After reading the article on Judge Richter’s visit to the neighborhood watch meeting April 25, I would like to present an alternate thought.
Leadership is a big portion of our problem. Having experienced his position at our community level, it appears that the "revolving door" philosophy, which Richter discounted, needs to be presented and explained a bit differently to be understood.
Blaming the drugs and mental state, but not the offender, simply does not work. Our community members are the victims, not the offenders. The judge’s philosophy appears to be budget-driven rather than performance-based. When this is implemented at the top of the judicial branch, prosecutors are less likely to present cases, knowing the outcome will be counseling, minimal sentencing and catch and release.

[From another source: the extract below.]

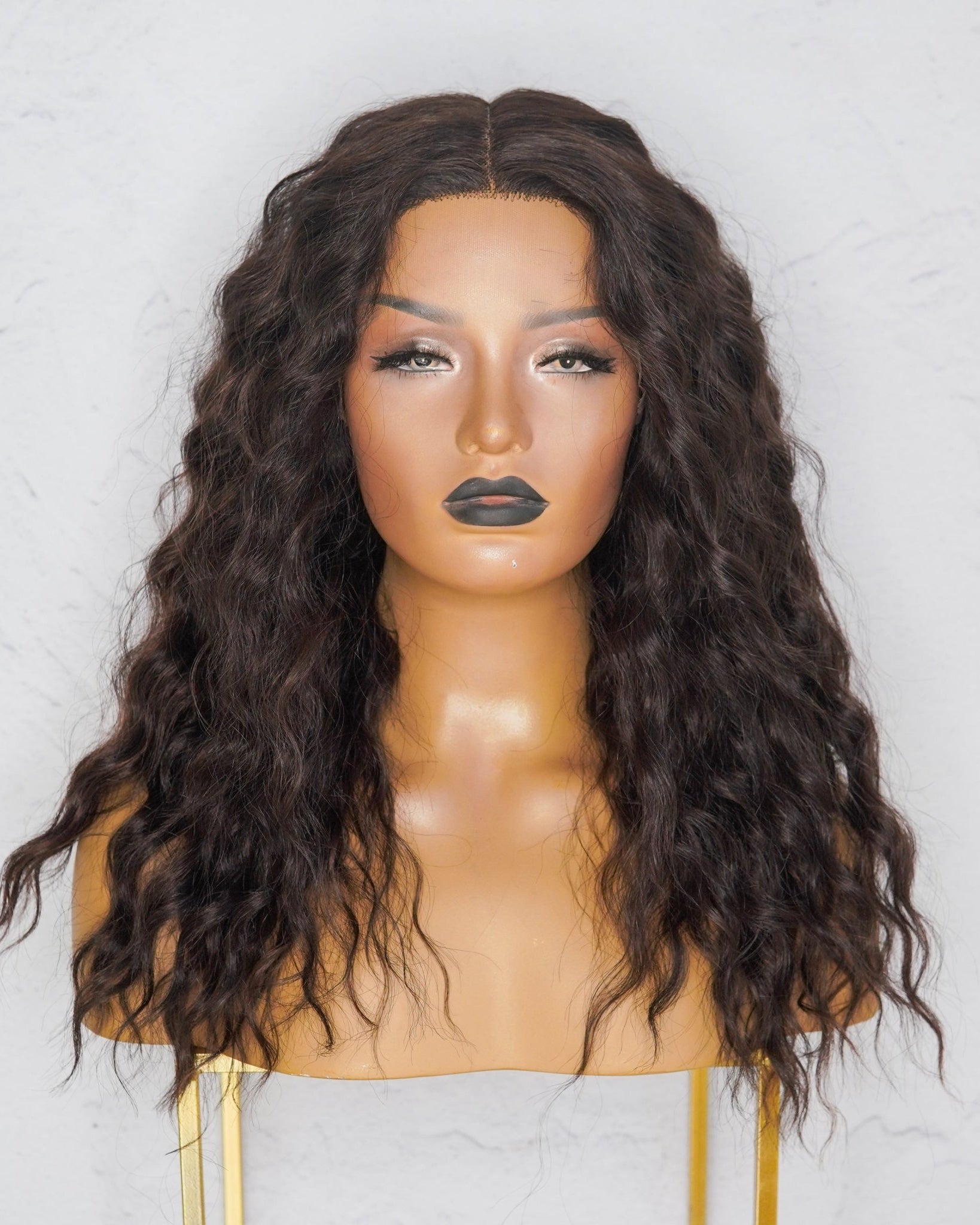 LILY 20" Dark Brown Lace Front Wig - Milk & Honey Wigs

All of this explains law enforcement's approach to apprehending, doing the due diligence and “acting” on community-reported, ongoing problems. The recent article has pointed out quite clearly that our system is broken.
If anyone thinks that counseling and minimum sentencing will help deter the crime in our area, there’s oceanfront property for you in Arizona. What the judge has failed to address is that much of the crime comes from over the bridge. Local authorities, having jurisdiction here, have known all too well for years about the criminal element within our “villages.” They have shared that it is frustrating when the judicial system is so light handed and does not give them the enforcement-level tools needed to effectively do their jobs.
Based on this newspaper article of the neighborhood watch meeting alone, I cannot support this incumbent to be our judge at this time. Recommendation: Administer harsher sentencing and the maximum allowed. We would be sending messages to the community that “minimum” will be a thing of the past. This would be a great benefit to the safety and peace of mind for our community. “Minimal”, if any, consequences for illegal activity merely encourages criminals to come to our area.